Kaj Martin (left) and Asmo Jaaksi at Lasipalatsi Square. Photo: Pertti Nisonen

Helsinki-info reviews Amos Rex and discusses integration

The English section of the Helsinki-info bulletin’s new edition presents the new Amos Rex art museum, the Job’d project of Migrant Youth Helsinki and a Turkish immigrant’s views about learning Finnish.  

Amos Rex was embraced by the public with enthusiasm even before the art museum opened doors at the end of August: people rushed to the mound-like structures that the subterranean art museum creates in the Lasipalatsi Square above it. “I wanted to create a space full of life,” says museum architect Asmo Jaaksi of JKMM Architects, who stood in awe witnessing the success of his creation. 

“We are a dynamic, open museum, and we reach out to young audiences,” says Amos Rex Programme Director Kaj Martin. In keeping with the mission, Amos Rex opens with a mind-blowing exhibition of reality-altering, immersive digital installations by teamLab of Japan. 
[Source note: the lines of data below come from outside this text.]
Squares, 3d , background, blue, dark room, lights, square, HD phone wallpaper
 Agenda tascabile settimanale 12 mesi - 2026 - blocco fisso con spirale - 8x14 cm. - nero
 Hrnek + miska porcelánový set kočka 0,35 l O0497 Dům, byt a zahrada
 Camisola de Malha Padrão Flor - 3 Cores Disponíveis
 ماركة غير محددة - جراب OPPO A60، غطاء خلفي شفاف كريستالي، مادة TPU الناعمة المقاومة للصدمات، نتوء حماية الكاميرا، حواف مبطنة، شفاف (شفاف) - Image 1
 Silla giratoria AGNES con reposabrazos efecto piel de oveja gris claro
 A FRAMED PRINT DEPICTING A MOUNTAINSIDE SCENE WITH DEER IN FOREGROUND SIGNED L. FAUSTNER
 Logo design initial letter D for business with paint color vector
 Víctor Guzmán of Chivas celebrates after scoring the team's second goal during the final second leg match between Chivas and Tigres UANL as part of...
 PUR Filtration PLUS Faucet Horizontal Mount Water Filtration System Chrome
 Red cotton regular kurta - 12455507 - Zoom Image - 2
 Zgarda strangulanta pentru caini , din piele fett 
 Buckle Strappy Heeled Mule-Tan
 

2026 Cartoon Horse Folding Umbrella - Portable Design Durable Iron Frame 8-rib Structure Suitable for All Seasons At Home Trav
Migrant Youth Helsinki helps young immigrants to integrate. The project has developed an operating model called Job’d, which helps young people to enter the job market. According to Migrant Youth Helsinki project manager Irma Sippola, Job’d is a good match with the everyday lives of young people. “Job’d utilizes the power that exists in young people themselves,” she says.  

Turkish political scientist Halil Gürhanli urges immigrants to be active to integrate into Finnish society and to learn Finnish. “Finnish language skills are key to adapting to Finnish culture,” he says. “I helped myself the most by entering the discomfort zone and forcing myself to speak Finnish, learning more that way.”